Feb 21, 2017 18:46:17 UTC

by Joel C

While this is a great module for users running commandbox on a windows-based OS, you have to run commandBox as root for any other platform. Starting CommandBox as root means that every server instance (runwar/undertow/java) runs as root a and every shell command you execute is in the context of root. (It also means Brad's awesome tilde (~) home dir mapping points to the root user's home dir, which may have unexpected results for custom scripts and interceptors/modules others have written that make use of the ~ awesomeness)

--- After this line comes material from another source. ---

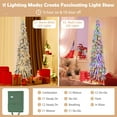 thumbnail image 6 of Topbuy 6FT Pre-lit Artificial Christmas Tree Snow-flocked Xmas Pencil Tree with 407 Branch Tips 250 LED Lights 2 Lighting Colors, 6 of 9
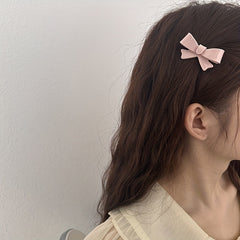Pink Bow Acrylic Hair Clip for Women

Make no mistake though... This is no fault of the module developer. Chris did an excellent job on this module and I'm not trying to take anything away from his success. This problem stems from a security feature that was implemented in the Unix kernel's network stack a long time ago. You can only bind to TCP ports 0-1023 as the root user. That way, a regular user cant start up a rogue service on port 22, for example, pretending to be the secure shell service (sshd) It made more sense back then it does now and I wish they'd remove it from the kernel altogether. Of course, Chris would still need root permissions to add entries to /etc/hosts... :)

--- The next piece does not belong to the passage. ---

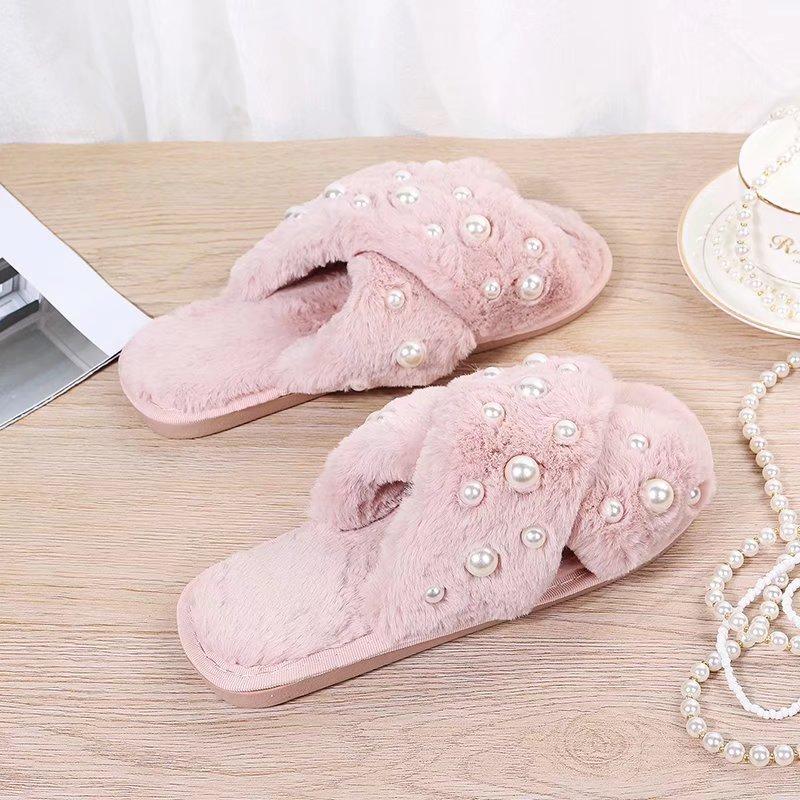 Fashion Pearls Detor Plush Slippers for Women Fashion Cross Strap House Furry Slippers Woman Slip On Faux Fur Cotton Slides Mujer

I think it would be wonderful to have a sudo-like command built into CommandBox! A pseudo sudo, if you will. This would allow Chris to execute the code for modifying the /etc/hosts file as the root user without the need to start commandBox itself as root. He could even launch a separate process to listen on port 80 (as root) and forward that traffic to the server's non-root port (>1023) when a server is started. Port forwarding is probably the best solution for the Unix 0-1023 port binding feature as it would have the most compatibility with MacOS and *nix. (versus, say, authbind, which isn't avail on the MacOS)

Wishful thinking? Maybe. Can anyone convince me that running CB as root isn't all that bad though?

Feb 21, 2017 21:46:03 UTC

by Brad Wood

Hey Joel, we actually have a working proof of concept to do exactly what you described. The difference is instead of using CFML to manipulate the hosts file, we have to do it in a bash sudo one liner that we fire off with the Java equivalent to cfexecute. It's difficult to get working though mostly because neither Chris nor I own a Mac to test on.

Feb 22, 2017 10:30:18 UTC

by Joel C

Hi Brad, I have a Macbook pro sitting on my desk running macOS Sierra. (10.12.2)

I'll do whatever you need to support this endeavor. Funny story. I actually wrote a very similar module to the one Chris wrote. I did this on windows and it works flawlessly there. Unfortunately, it bombed on macOS. That's actually the reason I have this macbook now. I'm trying to solve the same problem and I'm not getting very far.

My macbook and I are at your disposal. Just let me know what you need. I cloned Chris' github repo but don't see these changes.

Thanks!

Joel

Feb 17, 2020 13:12:58 UTC

by Jeff Jones

Brad, did you ever get this working with the proposed permission changes?

Feb 17, 2020 16:22:47 UTC

by Bradley D Wood

Jeff, I actually can't remember. I think we added something, but since I'm not a Mac user, I never ran into it. I'm pretty sure it runs sudo now and you either have to put in your password or set your suders to not require a password on *nix. This has always been a community extension so I never had access to change the source directly since someone else owns the project.

Feb 17, 2020 20:41:29 UTC

by Jeff Jones

Thanks Brad. Being a Linux user, I will have to look into this. I found this while on my Windows box at work, but I don't use Windows anywhere else.